The crime-fraud exception applies when the “communications for which production is sought are ‘sufficiently related to’ and were made ‘in furtherance of [the] intended, or present, continuing illegality.’” In a civil case, the burden of proof for the party seeking disclosure under the crime-fraud exception is preponderance of the evidence, meaning more likely than not.

“[T]he crime-fraud exception does not require a completed crime or fraud but only that the client have consulted the attorney in an effort to complete one.” The exception applies even if the attorney does not participate in the criminal activity, and “and even [if] the communication turns out not to help (and perhaps even to hinder) the client’s completion of a crime.” An attorney’s wrongdoing alone may pierce the privilege, regardless of the client’s awareness or innocence.

… 

The eleventh document is a chain forwarding to Dr. Eastman a draft memo written for President Trump’s attorney Rudy Giuliani. The memo recommended that Vice President Pence reject electors from contested states on January 6. This may have been the first time members of President Trump’s team transformed a legal interpretation of the Electoral Count Act into a day-by-day plan of action. The draft memo pushed a strategy that knowingly violated the Electoral Count Act, and Dr. Eastman’s later memos closely track its analysis and proposal. 

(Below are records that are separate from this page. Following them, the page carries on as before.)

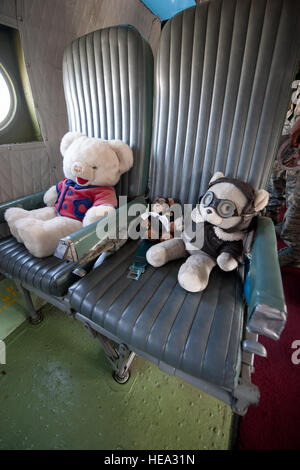 Maxwell AFB, Alabama - Maxwell Personal genießen Sie die seltene Gelegenheit, das berühmte 54 "Spirit of Freedom" Skymaster fliegende Museum während Gathering of Eagles am 8. Juni 2012 zu besichtigen. Der Geist der Freiheit ist auf dem Display als Bestandteil der 2012 Air Befehl & Personal College Gathering of Eagles. Die Rosinenbomber Berlin, Oberst Gail S. Halvorsen, ist einer der 14 Diskussionsteilnehmer gewählt von ACSC Studenten weitere Luftraum, Cyberspace und Führung Geschichte. (Melanie Rodgers Cox Stockfoto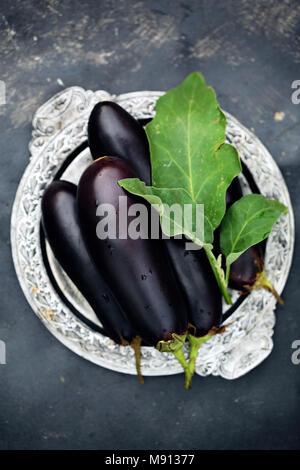 Lunga melanzane viola Foto Stock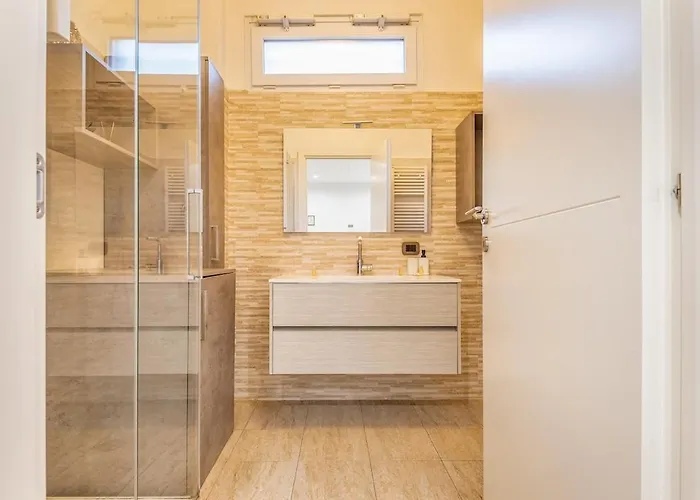 Cinema Airport 6 Minute Warmed Idropool And Patio * Bergamo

The memo is both intimately related to and clearly advanced the plan to obstruct the Joint Session of Congress on January 6, 2021. Because the memo likely furthered the crimes of obstruction of an official proceeding and conspiracy to defraud the United States, it is subject to the crime-fraud exception and the Court ORDERS it to be disclosed.  

DISPOSITION  

Dr. Eastman and President Trump launched a campaign to overturn a democratic election, an action unprecedented in American history. Their campaign was not confined to the ivory tower—it was a coup in search of a legal theory. The plan spurred violent attacks on the seat of our nation’s government, led to the deaths of several law enforcement officers, and deepened public distrust in our political process.  

More than a year after the attack on our Capitol, the public is still searching for accountability. This case cannot provide it. The Court is tasked only with deciding a dispute over a handful of emails. This is not a criminal prosecution; this is not even a civil liability suit. 

At most, this case is a warning about the dangers of “legal theories” gone wrong, the powerful abusing public platforms, and desperation to win at all costs. If Dr. Eastman and President Trump’s plan had worked, it would have permanently ended the peaceful transition of power, undermining American democracy and the Constitution. If the country does not commit to investigating and pursuing accountability for those responsible, the Court fears January 6 will repeat itself.